Présence turque en Europe: travailleurs migrants et nouveaux citoyens européens

Auteur(s) : Assemblée parlementaire

Origine - Texte adopté par la Commission permanente, agissant au nom de l’Assemblée, le 17 novembre 2006 (voir Doc. 11083, rapport de la commission des migrations, des réfugiés et de la population, rapporteur: M. Gülçiçek; et Doc. 11097, avis de la commission des questions sociales, de la santé et de la famille, rapporteuse: Mme Pehlivan).

1. Les migrations continues de travailleurs turcs à destination de l’Europe ont commencé avec le premier accord bilatéral signé entre l’Allemagne et la Turquie, en 1961. A l’époque, il s’agissait de travailleurs contractuels, conformément à des accords passés entre la Turquie et les pays d’accueil, venant principalement de zones rurales de la Turquie. D’autres pays industriels d’Europe ont depuis attiré ces travailleurs (à savoir l’Autriche, la Belgique, la France, les Pays-Bas, le Royaume-Uni, la Suède et la Suisse).
2. Les migrations turques vers l’Europe occidentale se sont poursuivies au cours des années 1970, du fait du regroupement familial ou de l’asile politique. La période plus récente, de 1989 à 2006, a été caractérisée par un déclin du nombre de cas de regroupement familial, qui ont fait place à des mariages contractés par des immigré(e)s dit(e)s «de la deuxième génération» et avec des personnes de nationalité turque. La diminution actuelle des mouvements d’émigration en provenance de Turquie est due également à une baisse considérable du nombre de demandeurs d’asile et à la recherche de nouvelles opportunités économiques dans la région de la Communauté d’Etats indépendants et au Proche-Orient.
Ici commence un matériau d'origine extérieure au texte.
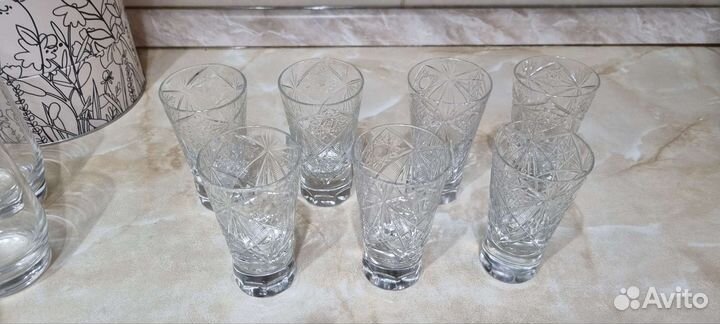 Стаканы хрустальные СССР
3. Le nombre d’immigrés turcs vivant dans les principaux pays d’accueil européens reste stable ou en décroissance légère mais constante (en Allemagne, par exemple), ou encore décline rapidement à la suite de l’acquisition de la citoyenneté (en Belgique). De nouveaux pays d’immigration sont apparus, notamment l’Italie, l’Espagne et la Finlande. Au total, environ 3 millions d’immigrés turcs vivent aujourd’hui en Europe et approximativement 1,2 million d’entre eux ont acquis la nationalité du pays hôte.
4. Le niveau d’intégration des résidents turcs des première, deuxième et même troisième générations a fait l’objet de vifs débats politiques et même de controverses dans un certain nombre d’Etats membres. Jusqu’à la moitié des années 1980, la Turquie ainsi que les pays d’accueil ont toujours considéré qu’il s’agissait de travailleurs «hôtes» (Gastarbeiter), qui allaient rentrer un jour ou l’autre en Turquie. Cette idée fort répandue a dès le départ faussé le débat sur l’intégration et, de ce fait, les pays d’accueil ne se sont pas investis dans une politique d’intégration.
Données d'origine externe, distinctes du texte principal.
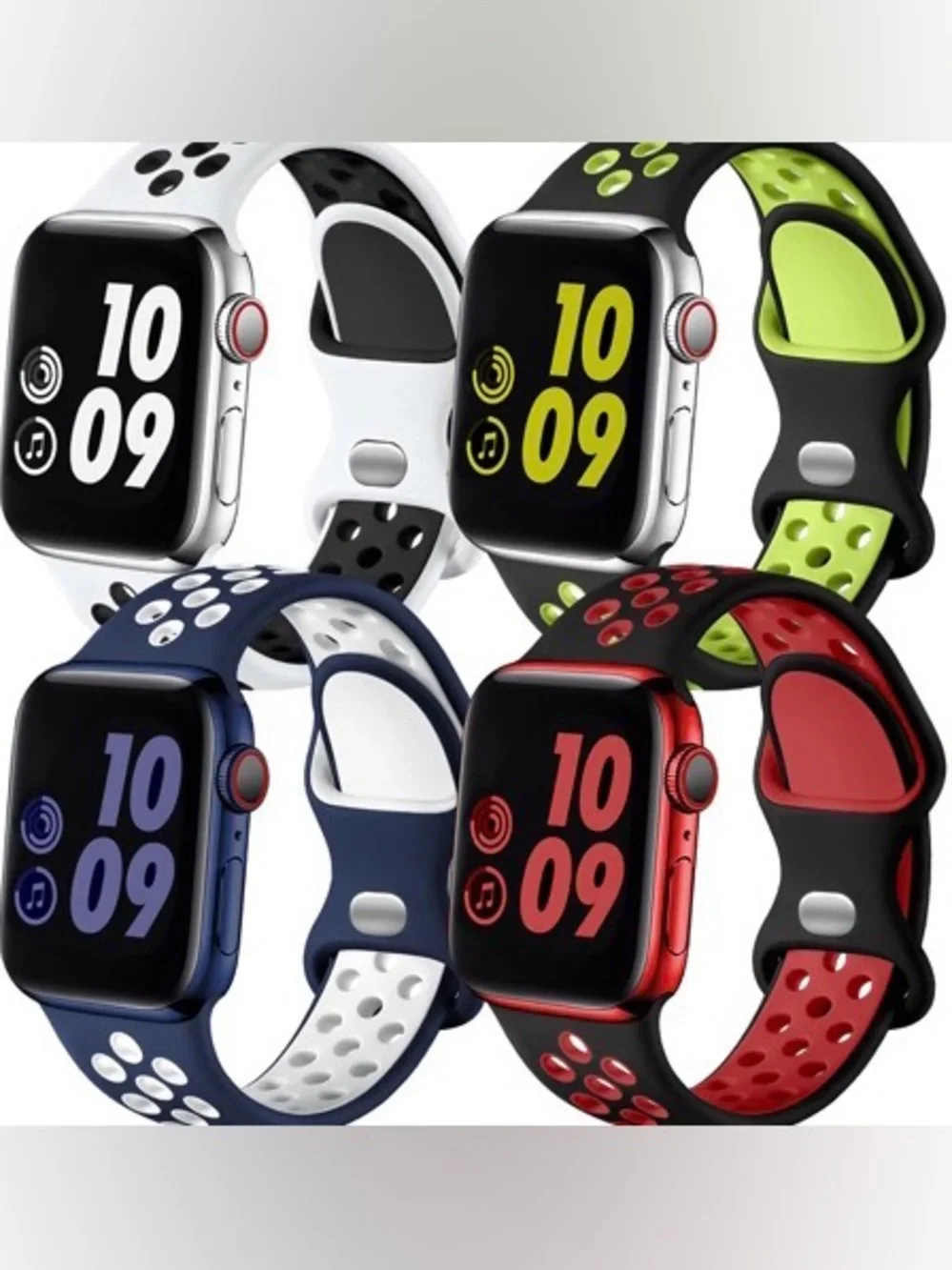 Adorve Sport Silicone Bands for Apple Watch Series 1-11, SE, Ultra 1 #24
5. L’Assemblée parlementaire considère que l’identité sociale et culturelle forte des immigrés turcs et des ressortissants européens d’ascendance turque ne devrait pas être perçue comme un obstacle à une pleine intégration. Le rôle des immigrés turcs dans le développement des liens culturels et économiques avec la Turquie représente une chance et non une menace pour la poursuite de l’intégration européenne.
6. Les liens multiples et substantiels des immigrés turcs et des ressortissants européens d’ascendance turque avec leur pays d’origine ne se caractérisent pas seulement par le dynamisme économique et la richesse culturelle, mais aussi par la transmission des valeurs européennes, qui contribue à l’évolution positive de la démocratie turque et au respect de la primauté du droit et des droits de l’homme. La perspective de l’adhésion de la Turquie à l’Union européenne en est un excellent exemple. La proportion élevée d’affaires concernant la Turquie portées devant la Cour européenne des Droits de l’Homme en est un exemple frappant, avec des requérants de plus en plus conscients de leurs droits en vertu de la Convention et prêts à les défendre.
7. Il va de soi que l’intégration est un processus à deux sens, qui exige une estime mutuelle et des efforts soutenus aussi bien de la part de la société d’accueil que de la population immigrée et de ses descendants, afin de parvenir à une vie en commun sans tensions. Si les autorités et la population du pays d’accueil doivent contribuer à la réception des immigrés et à leur intégration économique, sociale et culturelle, en les protégeant de toutes formes de discrimination, la population immigrée, soutenue par les autorités du pays d’accueil, doit elle aussi tout mettre en œuvre pour se conformer aux coutumes de la société hôte – en apprenant sa langue, en observant ses habitudes et ses codes, et en se conformant à la loi et aux réglementations.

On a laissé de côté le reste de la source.